The Journal’s recent articles about Oak Park becoming a municipal arboretum sounded optimistic for the 21,000 trees on village parkways and in village parks. What an honor and what positive publicity for the village. 

My fear, however, is that the new designation will just boost public relations and actually do nothing to protect our public trees.

I became a “tree hugger” four years ago during that pruning cycle. A crew from our forestry department vastly over-pruned several trees on my block. Challenging them was hopeless, once the damage was done.

This year the same thing was about to happen. When the notices were posted, I called ahead to the village forester, who sent over a representative from his office. That didn’t help much on my end of the block, and it did nothing to prevent a huge pruning of the heritage elms down the block. So much for this summer’s shade.

I know this kind of thing was happening elsewhere in the village. You can see the cut marks on many of our parkway trees. Earlier advocates for reform of the forestry program have referred to the Oak Park style of pruning as creating lollipop trees, which look like they were drawn by Dr. Seuss. Instead of looking like an arboretum, we look like a topiary garden.

Subsequent to this year’s pruning cycle, I learned a couple of things that need to be remedied. One is that our village forester is not overseen by a viable forestry commission made up of professional arborists and other knowledgeable citizens. And I learned that the pruning this year was done by an outside contractor who does not specialize in municipal street tree-pruning on this scale and who had to sub-contract some of the work because they didn’t have sufficient staff. Our former village forester now works for one of the contractors.

Who monitors the training in our own forestry department?

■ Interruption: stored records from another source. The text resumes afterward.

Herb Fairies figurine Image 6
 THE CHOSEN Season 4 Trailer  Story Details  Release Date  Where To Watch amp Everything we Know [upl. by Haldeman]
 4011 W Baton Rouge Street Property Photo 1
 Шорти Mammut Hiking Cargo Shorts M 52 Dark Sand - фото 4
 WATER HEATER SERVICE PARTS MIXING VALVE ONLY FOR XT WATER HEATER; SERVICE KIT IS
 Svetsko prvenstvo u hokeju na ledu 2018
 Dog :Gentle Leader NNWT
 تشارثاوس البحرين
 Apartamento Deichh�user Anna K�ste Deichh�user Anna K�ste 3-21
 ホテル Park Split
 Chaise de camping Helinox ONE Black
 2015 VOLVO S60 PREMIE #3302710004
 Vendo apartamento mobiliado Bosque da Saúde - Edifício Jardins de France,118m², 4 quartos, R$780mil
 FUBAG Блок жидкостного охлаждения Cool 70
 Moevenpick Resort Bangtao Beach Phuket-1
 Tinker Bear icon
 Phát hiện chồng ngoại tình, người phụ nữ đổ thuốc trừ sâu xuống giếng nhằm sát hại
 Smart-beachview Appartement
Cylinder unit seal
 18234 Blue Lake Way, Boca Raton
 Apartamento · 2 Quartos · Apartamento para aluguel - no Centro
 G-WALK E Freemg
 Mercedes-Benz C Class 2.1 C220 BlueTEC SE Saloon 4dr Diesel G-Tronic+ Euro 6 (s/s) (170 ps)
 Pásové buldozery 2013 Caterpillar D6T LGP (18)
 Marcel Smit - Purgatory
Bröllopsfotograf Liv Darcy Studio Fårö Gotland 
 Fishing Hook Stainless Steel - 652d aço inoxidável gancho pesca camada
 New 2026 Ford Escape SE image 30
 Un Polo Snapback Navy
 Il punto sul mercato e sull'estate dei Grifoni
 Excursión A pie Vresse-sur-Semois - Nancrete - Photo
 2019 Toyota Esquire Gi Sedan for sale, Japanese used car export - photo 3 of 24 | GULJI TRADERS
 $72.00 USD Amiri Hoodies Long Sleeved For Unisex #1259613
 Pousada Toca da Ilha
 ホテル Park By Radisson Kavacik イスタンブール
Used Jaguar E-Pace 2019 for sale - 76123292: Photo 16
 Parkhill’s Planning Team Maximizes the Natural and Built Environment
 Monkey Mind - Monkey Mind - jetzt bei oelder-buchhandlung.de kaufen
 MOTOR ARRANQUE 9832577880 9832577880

Who can vouch for the professional qualifications of outside contractors? How can we learn what constitutes pruning that actually improves the life of our trees? Would the Morton Arboretum allow our forestry department and its agents to work out there? I hope not.

Our situation is not recent. For reporting on earlier responses in Oak Park, check out online Citizens Tree Rescue. Nor is our situation limited. Check out Save Berwyn Trees. Both sites contain photos that will look all too familiar to Oak Parkers. Send your own photos to the village manager and board.

An arboretum designation is one thing. Becoming a real one is quite another.